We generate a synthetic classification dataset and evaluate two classical machine
learning models (Logistic Regression and Random Forest) using a rigorous
cross-validation pipeline.

The decoding engine automatically handles data splitting, model fitting, metric
calculation, and produces an `ExperimentResult` object that natively integrates with
our visualization tools.
"""

# %%
# Imports and Setup
# -----------------

import matplotlib.pyplot as plt
from sklearn.datasets import make_classification

from coco_pipe.decoding import Experiment, ExperimentConfig
from coco_pipe.decoding.configs import (
    CVConfig,
    LogisticRegressionConfig,
    RandomForestClassifierConfig,
)
from coco_pipe.viz.decoding import plot_confusion_matrix, plot_decoding_scores

# %%
# 1. Generate Synthetic Data
# --------------------------
# We create a synthetic 2-class dataset with 500 samples and 20 features,
# where only 5 features are truly informative.

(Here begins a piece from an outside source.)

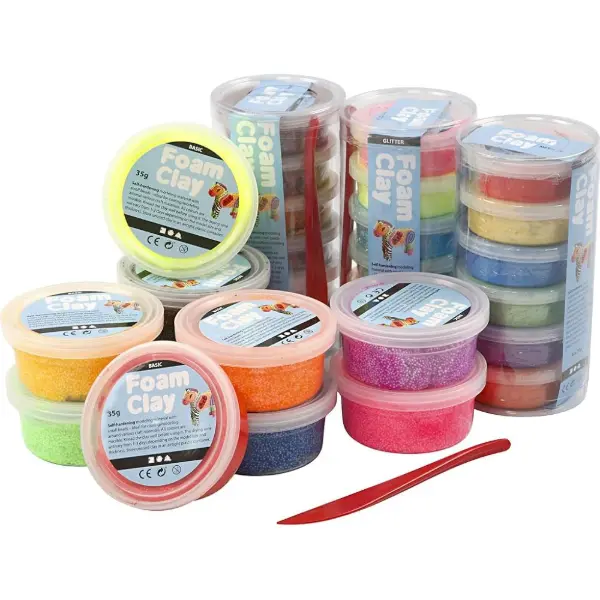 Assortiment de 28 boîtes de Foam Clay de couleurs variées pour modelage léger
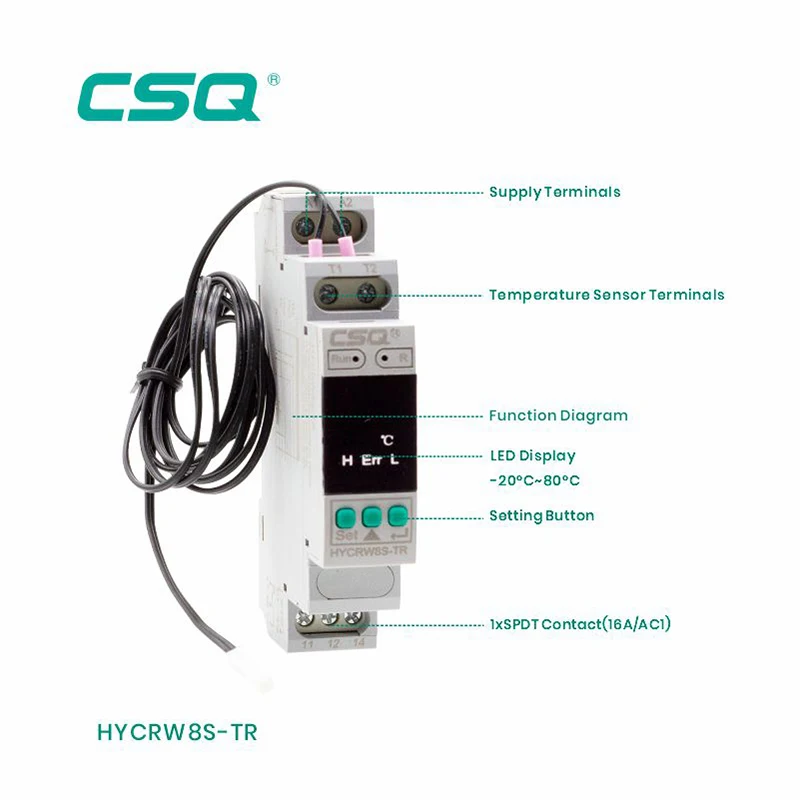 CSQ SPDT Relay 24 vac 230vac 16a Sensor Temperature Relay Digital Timer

X, y = make_classification(
    n_samples=500,
    n_features=20,
    n_informative=5,
    random_state=42,
)

# %%
# 2. Configure the Experiment
# ---------------------------
# The ``ExperimentConfig`` defines the entire analytical pipeline declaratively.
# We specify the task, the models to evaluate, the evaluation metrics, and the
# cross-validation strategy.

config = ExperimentConfig(
    task="classification",
    models={
        "LogisticRegression": LogisticRegressionConfig(),
        "RandomForest": RandomForestClassifierConfig(n_estimators=50, random_state=42),
    },
    metrics=["accuracy", "roc_auc", "f1"],
    cv=CVConfig(strategy="stratified", n_splits=5, random_state=42),
)

# Initialize the experiment engine
exp = Experiment(config)

# %%
# 3. Execute the Decoding Pipeline
# --------------------------------
# The ``run`` method takes the data and executes the cross-validation
# loop for all declared models.

print("Executing decoding pipeline...")
result = exp.run(X, y)
print("Decoding complete!")

# %%
# 4. Visualize Results
# --------------------
# We can pass the ``ExperimentResult`` directly into ``coco_pipe.viz.decoding``
# functions to instantly generate publication-ready plots.

# Plot aggregate scalar scores (Accuracy, ROC AUC, F1)
plot_decoding_scores(result, kind="bar")
plt.show()

# Plot the confusion matrix for the Random Forest model
plot_confusion_matrix(
    result, model="RandomForest", title="Random Forest: Confusion Matrix"
)
plt.show()

# %%
# Interpretation
# --------------
# - **Decoding Scores**: The bar chart shows the mean performance metrics across all 5
#   cross-validation folds, including standard error bands. Random Forest often
#   outperforms Logistic Regression on non-linear informative features.
# - **Confusion Matrix**: The matrix visualizes the out-of-fold predictions, normalized
#   by true class counts, highlighting the model's sensitivity and specificity.